When I use a text editor, like TextWrangler, to view the text in my export file, the text looks perfectly normal. It says the text is "Unicode (UTF-8, with BOM)"
I did a bit more reseraching and it has a lot to do with how Excel imports the CSV file and deals with the text encoding. If you are like me, then I simply drag the CSV file into Excel and it opens up in nice columns, etc...only some characters are mangled. However, if you use the import wizard to bring in your CSV file to Excel, you can control what the source character encoding is and see if that will minimize the issue. (You have to have a worksheet open in order to use the File>Import function.) I chose Unicode 6.1(Little-Endian). This did not fully solve my problem as it removed characters that were previously there. For instance, I loose all the apostrophes for possesive words, e.g., "Dean's list" becomes "Deans list".

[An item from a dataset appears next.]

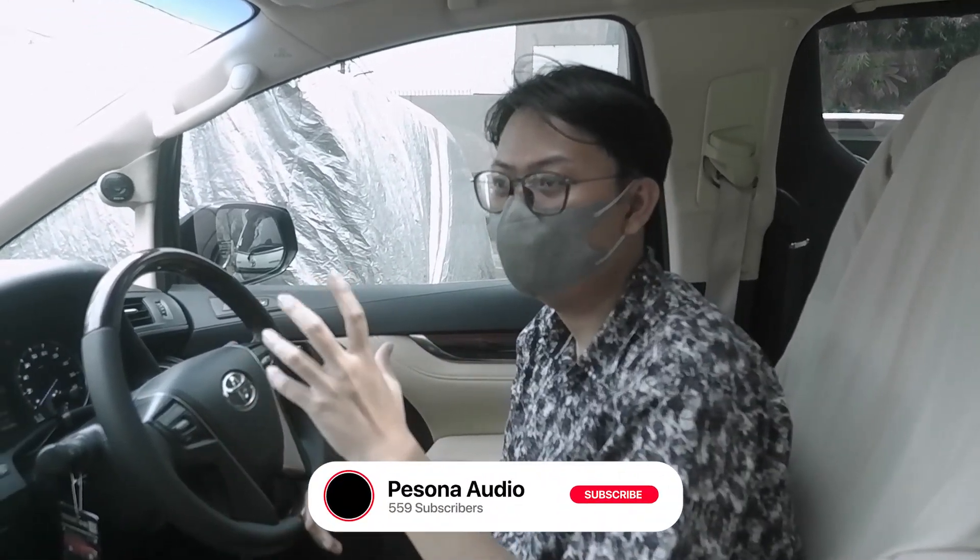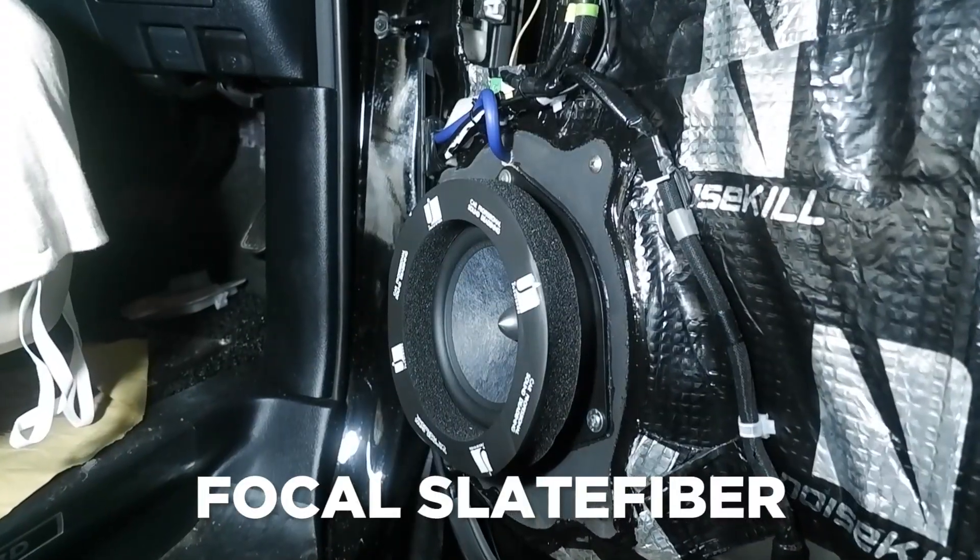Sekarang kita udah di dalam dari mobil Toyota Alphard. Yang tadi di depan kita udah bahas kalau mobil ini melakukan full upgrade pada bagian audionya. Langsung aja kita sebutin produknya. Mulai dari speaker dulu, karena yang ter-highlight atau yang spesial mungkin ada di speaker-nya. Karena sistem speaker-nya ini menggunakan sistem 2-way depan-belakang dengan merek yang sama — dua set speaker dari merek Vokal dengan seri Slate Fiber.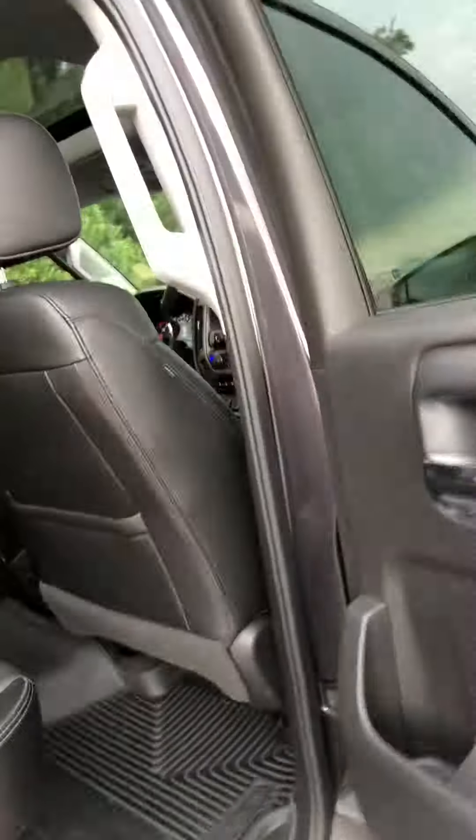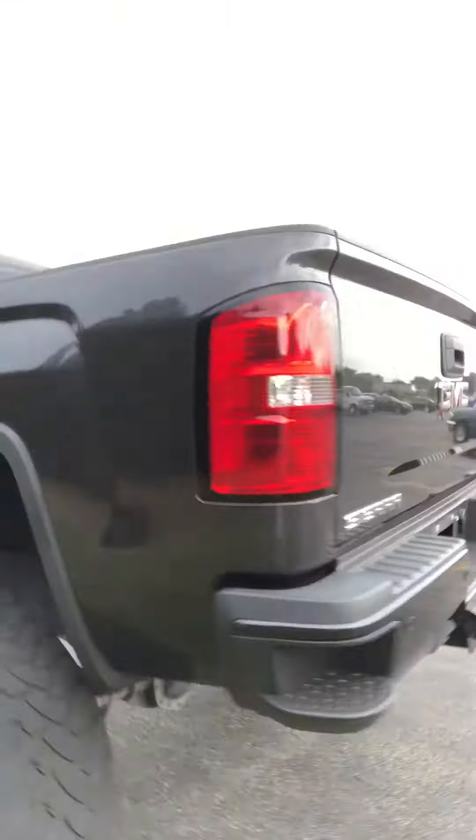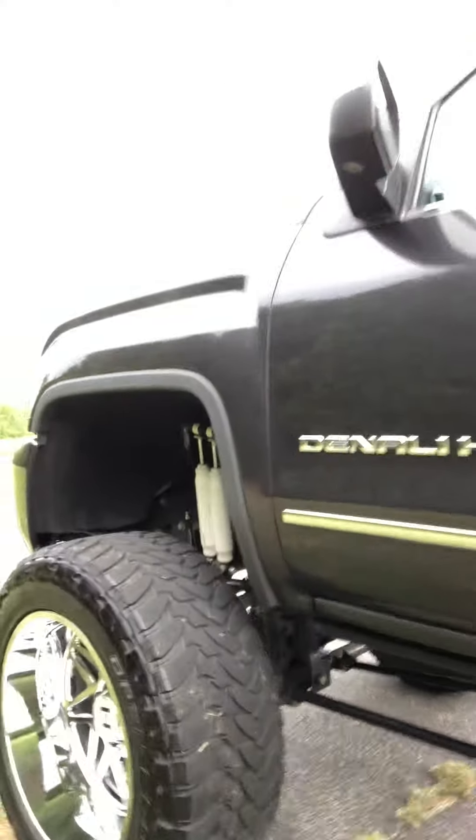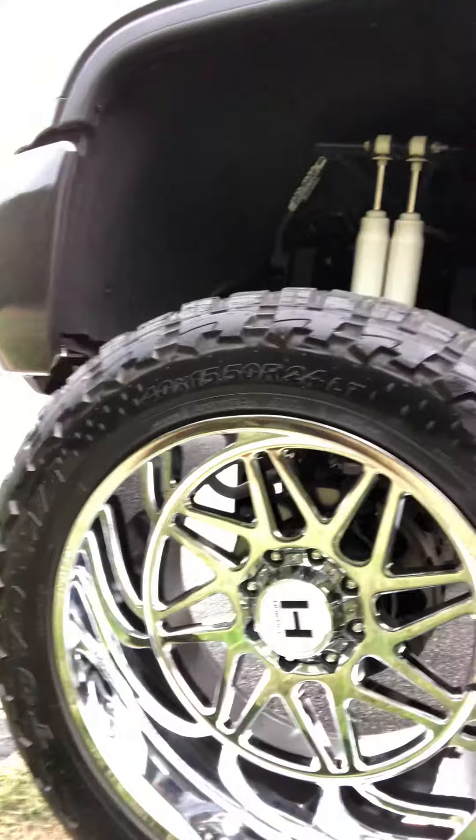Fully decked out — sunroof and all, lane assist too. Again, this is the 2016 Duramax Denali. Give you a shot at the driver's side. Of course, AMP step rails to get up in this beast. Just a gorgeous truck, folks.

http://www.itg.ias.edu/content/how-import-csv-file-uses-utf-8-character-encoding-0
Of course, even using this apporach, my problems continue as I cannot get the import wizard to work properly--all my columns get muddled and the result is useless even though I set the comma as my delimeter.
More research shows that the easiest solution may be for Foundant to offer an export as Excel function--that might fix it. Also, they may be able to easily tack some data at the begining of the file that would allow Excel to easily recognize the correct text encoding. But I have quickly reached (and am beyond!) the extent of my knowledge.
http://www.roosmaa.net/importing-utf-8-csvs-in-excel/
Regardless, would love some guidance on how to get the Foundant Export data into excel properly.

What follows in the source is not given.